Still, app revolts are typically short lived. There was a brief moment of outrage over Twitter when it implemented algorithms. In Snapchat's case, though, the recent mutiny has had a measurable impact: a drop in users.

Snapchat has 191 million daily users in the first quarter, an average of all three months, but it said that the number slipped in the final month. At the same time, user satisfaction plummeted as a result of the redesign, according to a YouGov survey released last week. The polling firm tracked the app's consumers for the past two years, and the score, measuring favorable and negative impressions, dropped 73 percent since January.

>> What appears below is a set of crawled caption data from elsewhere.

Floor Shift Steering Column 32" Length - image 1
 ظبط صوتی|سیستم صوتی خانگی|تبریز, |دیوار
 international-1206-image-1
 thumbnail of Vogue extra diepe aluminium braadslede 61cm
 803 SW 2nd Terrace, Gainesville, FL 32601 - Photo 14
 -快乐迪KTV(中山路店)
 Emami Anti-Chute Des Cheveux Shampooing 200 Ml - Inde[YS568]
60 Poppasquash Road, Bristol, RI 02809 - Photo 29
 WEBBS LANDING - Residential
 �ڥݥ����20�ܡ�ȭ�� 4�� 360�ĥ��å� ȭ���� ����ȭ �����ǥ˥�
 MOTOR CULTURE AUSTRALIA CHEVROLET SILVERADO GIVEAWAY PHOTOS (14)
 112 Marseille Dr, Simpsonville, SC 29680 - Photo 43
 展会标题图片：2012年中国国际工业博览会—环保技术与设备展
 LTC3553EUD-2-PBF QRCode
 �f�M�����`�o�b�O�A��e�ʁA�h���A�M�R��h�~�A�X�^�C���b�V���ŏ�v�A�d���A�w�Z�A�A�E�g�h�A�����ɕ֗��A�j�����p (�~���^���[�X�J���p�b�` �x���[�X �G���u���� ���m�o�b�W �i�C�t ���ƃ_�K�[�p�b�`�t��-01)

Advertisers, too, have been slow to jump into the app. "It's just not a standard buy for most brands," says the anonymous digital ad agency executive. Snapchat's ad revenue disappointed last quarter. The company made $230 million, when many Wall Street analysts expected closer to $245 million.

The original redesign introduced an algorithm based on people's interests, which was meant to get people to consume more media. It was one way Snapchat tried to create a more advertiser-friendly enivronment. The professional media was all put in one location under the Discover section of the app, separate from the personal messaging.

"Your friends aren't content. They're relationships," CEO Evan Spiegel said at the time of the original redesign announcement. "That's why today we're separating the 'social' from the 'media.'"

That philosophy led to a fundamental change to the app, though, and people stopped seeing certain video stories from friends, which no longer appeared alongside the video stories from professional media companies and web celebrities. Stories from friends were getting lost for many users, because Snapchat also reordered the way it showed messages on the personal side of the app. No longer in reverese chronological order, Snapchat began showing content to people dictated by an algorithm meant to highlight what users would most likely find interesting.

Snapchat kept all friends' content on the left side of the app, and put all the media to the right.

With the updated redesign, Snapchat has made some key adjustments: Friends' video stories are back alongside the professional media and web celebrities in the Discover section. Also, the personal side of the app shows messages in reverse chronological order again.The redesign of the redesign also confused some of Snapchat's closest observers: the Wall Street analysts that cover the company for investors.

"They're trying to find the right content strategy, but it's not particularly clear," says Rich Greenfield, analyst with BTIG Research. "Living with a mistake is worse than changing a mistake. The question is if this is the right fix, and we don't know yet."